Estas considerações aderem perfeitamente ao problema de constitucionalidade que se coloca nos autos. A obrigação de o vendedor pagar a diferença entre a taxa de imposto normal e a aplicável ao gasóleo colorido e marcado, nos casos em que não é emitida fatura em nome do titular do cartão, «vai além do necessário para prevenir a fraude e evasão fiscal». A função sancionatória é plenamente assegurada no plano contraordenacional, perfilando-se a sanção adicional imposta pela norma sindicada – com a estrutura de uma norma de incidência fiscal, ainda que servindo uma finalidade sancionatória − como um corpo estranho e funcionalmente redundante.

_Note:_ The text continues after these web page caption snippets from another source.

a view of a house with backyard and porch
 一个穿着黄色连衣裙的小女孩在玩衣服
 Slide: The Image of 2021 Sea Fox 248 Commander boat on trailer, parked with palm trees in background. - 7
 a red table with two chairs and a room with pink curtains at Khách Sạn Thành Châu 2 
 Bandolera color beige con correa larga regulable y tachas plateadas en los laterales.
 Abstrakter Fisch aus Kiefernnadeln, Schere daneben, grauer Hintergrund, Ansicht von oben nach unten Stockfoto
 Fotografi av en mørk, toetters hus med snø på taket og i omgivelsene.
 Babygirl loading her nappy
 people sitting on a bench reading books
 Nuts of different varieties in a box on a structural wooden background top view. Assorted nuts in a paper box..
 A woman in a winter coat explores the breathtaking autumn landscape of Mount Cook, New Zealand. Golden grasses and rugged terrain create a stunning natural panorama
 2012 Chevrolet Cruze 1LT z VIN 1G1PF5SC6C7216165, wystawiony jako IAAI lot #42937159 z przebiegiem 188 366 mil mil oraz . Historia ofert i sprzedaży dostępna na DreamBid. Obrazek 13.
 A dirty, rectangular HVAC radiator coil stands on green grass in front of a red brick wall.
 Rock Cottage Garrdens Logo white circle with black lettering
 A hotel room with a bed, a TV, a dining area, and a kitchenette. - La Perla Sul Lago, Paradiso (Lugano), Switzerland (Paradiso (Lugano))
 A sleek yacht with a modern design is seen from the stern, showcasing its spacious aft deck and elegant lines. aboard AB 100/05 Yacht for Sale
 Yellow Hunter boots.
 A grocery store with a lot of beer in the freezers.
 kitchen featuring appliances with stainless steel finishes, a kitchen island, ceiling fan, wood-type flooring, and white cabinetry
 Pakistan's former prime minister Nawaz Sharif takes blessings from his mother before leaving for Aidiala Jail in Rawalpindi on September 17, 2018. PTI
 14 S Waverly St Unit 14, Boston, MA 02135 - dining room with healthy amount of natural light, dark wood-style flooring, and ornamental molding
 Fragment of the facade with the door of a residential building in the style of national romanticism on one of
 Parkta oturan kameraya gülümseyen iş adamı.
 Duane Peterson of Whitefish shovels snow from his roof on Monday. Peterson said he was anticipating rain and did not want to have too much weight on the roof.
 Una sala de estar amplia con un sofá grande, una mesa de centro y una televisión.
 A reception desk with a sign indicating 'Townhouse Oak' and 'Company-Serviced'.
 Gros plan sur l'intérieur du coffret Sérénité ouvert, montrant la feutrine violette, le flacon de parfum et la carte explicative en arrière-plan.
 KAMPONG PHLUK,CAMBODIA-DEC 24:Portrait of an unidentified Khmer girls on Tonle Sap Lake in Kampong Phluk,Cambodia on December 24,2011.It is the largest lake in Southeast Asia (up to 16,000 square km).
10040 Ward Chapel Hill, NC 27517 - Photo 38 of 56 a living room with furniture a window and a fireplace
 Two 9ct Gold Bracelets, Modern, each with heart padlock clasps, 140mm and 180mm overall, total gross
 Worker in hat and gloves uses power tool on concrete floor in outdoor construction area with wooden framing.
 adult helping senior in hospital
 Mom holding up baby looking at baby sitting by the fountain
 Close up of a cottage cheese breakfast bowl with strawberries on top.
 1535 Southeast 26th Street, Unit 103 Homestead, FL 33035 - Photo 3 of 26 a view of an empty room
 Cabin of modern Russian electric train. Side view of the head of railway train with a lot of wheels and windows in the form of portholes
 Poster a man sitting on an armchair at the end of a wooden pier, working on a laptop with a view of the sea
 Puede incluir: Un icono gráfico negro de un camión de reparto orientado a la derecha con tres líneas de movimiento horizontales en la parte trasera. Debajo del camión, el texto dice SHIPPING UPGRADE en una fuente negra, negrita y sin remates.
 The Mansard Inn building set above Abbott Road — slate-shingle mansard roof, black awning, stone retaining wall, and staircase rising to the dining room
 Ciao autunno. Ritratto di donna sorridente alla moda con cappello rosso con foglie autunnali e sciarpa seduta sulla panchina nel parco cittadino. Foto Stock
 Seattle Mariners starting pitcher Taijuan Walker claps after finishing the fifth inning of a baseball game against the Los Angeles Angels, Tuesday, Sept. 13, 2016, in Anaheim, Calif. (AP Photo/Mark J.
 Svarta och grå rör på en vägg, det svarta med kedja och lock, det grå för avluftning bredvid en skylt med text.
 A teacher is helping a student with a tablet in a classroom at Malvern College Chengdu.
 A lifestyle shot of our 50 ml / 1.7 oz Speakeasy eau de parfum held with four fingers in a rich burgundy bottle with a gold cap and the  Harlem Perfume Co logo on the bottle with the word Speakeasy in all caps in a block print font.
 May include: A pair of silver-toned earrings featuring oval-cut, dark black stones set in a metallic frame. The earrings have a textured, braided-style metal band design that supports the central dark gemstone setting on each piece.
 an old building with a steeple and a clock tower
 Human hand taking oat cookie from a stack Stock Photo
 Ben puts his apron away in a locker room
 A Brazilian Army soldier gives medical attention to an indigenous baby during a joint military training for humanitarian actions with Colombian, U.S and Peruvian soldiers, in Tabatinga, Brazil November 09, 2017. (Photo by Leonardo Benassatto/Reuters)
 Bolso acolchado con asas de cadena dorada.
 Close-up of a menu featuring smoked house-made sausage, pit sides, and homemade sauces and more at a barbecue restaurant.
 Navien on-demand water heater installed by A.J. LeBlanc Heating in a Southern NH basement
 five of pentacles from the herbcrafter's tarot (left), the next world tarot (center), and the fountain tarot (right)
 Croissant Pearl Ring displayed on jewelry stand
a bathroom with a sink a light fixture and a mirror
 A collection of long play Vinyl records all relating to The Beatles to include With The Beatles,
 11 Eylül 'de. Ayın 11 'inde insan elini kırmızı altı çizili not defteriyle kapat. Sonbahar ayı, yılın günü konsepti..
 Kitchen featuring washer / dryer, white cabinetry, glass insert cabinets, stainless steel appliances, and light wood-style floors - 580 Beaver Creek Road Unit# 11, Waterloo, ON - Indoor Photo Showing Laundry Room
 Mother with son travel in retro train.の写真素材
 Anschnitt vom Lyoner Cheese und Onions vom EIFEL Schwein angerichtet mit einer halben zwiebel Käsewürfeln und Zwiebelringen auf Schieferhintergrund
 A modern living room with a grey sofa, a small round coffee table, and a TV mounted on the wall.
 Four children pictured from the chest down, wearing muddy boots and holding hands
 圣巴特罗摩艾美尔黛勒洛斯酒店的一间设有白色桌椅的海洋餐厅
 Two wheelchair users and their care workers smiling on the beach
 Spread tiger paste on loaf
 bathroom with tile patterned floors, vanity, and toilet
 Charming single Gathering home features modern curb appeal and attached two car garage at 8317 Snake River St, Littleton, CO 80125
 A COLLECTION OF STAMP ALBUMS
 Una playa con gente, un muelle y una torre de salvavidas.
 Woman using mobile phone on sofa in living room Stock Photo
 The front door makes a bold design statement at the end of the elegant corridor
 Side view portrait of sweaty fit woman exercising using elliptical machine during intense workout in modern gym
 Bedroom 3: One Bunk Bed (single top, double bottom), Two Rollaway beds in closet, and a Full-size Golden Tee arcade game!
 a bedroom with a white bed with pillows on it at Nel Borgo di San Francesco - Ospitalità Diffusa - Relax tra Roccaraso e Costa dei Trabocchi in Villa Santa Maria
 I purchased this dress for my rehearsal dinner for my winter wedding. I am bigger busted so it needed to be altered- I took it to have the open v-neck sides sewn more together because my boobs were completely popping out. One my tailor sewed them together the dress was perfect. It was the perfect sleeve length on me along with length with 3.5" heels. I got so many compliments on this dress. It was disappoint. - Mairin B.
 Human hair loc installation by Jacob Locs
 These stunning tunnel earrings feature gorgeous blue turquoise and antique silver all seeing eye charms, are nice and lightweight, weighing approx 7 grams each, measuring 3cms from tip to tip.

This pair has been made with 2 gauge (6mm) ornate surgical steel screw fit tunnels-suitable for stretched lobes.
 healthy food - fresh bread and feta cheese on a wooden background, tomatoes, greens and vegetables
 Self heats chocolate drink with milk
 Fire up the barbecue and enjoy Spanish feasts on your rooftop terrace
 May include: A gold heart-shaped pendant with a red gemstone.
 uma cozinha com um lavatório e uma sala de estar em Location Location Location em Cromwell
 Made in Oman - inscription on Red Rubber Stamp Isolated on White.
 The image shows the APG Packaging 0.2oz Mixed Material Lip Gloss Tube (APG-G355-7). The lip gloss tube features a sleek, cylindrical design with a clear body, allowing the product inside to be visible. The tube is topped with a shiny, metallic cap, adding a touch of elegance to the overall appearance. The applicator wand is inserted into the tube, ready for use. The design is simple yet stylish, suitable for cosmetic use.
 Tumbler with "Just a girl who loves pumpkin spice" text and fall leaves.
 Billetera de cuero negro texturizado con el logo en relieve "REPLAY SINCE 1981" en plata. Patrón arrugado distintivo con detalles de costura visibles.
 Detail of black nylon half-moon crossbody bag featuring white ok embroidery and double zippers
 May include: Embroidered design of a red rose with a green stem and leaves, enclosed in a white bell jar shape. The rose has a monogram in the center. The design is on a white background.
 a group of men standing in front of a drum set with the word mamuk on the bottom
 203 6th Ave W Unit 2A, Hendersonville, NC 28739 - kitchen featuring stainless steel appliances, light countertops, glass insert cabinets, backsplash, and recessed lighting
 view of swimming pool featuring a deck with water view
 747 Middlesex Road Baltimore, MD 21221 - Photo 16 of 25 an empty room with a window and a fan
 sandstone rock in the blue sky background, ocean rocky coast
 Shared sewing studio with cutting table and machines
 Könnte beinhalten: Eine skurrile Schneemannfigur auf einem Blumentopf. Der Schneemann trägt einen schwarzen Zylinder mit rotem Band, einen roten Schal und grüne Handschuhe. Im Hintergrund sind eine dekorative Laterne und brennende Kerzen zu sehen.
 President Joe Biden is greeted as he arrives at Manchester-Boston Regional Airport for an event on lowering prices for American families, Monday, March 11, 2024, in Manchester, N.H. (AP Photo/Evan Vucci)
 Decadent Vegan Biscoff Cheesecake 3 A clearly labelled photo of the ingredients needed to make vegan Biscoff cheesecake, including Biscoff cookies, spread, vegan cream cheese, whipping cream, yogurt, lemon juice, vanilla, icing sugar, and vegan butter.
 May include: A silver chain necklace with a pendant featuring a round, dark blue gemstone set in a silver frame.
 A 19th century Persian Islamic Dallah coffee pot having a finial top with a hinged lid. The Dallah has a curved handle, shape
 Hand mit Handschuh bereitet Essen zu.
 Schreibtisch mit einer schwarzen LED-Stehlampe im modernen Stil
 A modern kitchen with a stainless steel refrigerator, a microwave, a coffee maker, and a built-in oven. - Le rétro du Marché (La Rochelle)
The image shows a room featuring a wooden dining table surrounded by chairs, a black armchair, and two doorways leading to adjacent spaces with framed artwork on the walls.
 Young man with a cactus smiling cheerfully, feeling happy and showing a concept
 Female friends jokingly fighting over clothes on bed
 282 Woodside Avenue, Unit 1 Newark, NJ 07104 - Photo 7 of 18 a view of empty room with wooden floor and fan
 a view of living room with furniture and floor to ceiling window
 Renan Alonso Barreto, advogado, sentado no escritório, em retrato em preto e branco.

A medida seria razoável – porventura até indispensável − caso se pudesse presumir a utilização abusiva do regime da venda do gasóleo colorido e marcado nos casos em que é registada a operação no sistema eletrónico de controlo, não sendo emitida fatura em nome do titular do cartão. Porém, essa presunção – como vimos – não tem justificação alguma, razão pela qual a responsabilidade pelo pagamento da diferença entre o imposto devido com e sem benefício fiscal não tem natureza propriamente tributária. Nada no mero facto de não ter sido emitida a fatura em nome do titular do cartão, sendo apresentado o cartão e não sendo exigida demonstração de identidade, «indica que essas vendas foram realizadas com o objetivo de beneficiar de modo fraudulento da taxa de imposto» aplicável ao gasóleo colorido e marcado.

Assim, é de concluir que a norma sindicada reprova no teste da necessidade, consubstanciando uma restrição excessiva (artigo 18.º, n.º 2) da liberdade de iniciativa económica, consagrada no artigo 61.º, n.º 1, da Constituição.»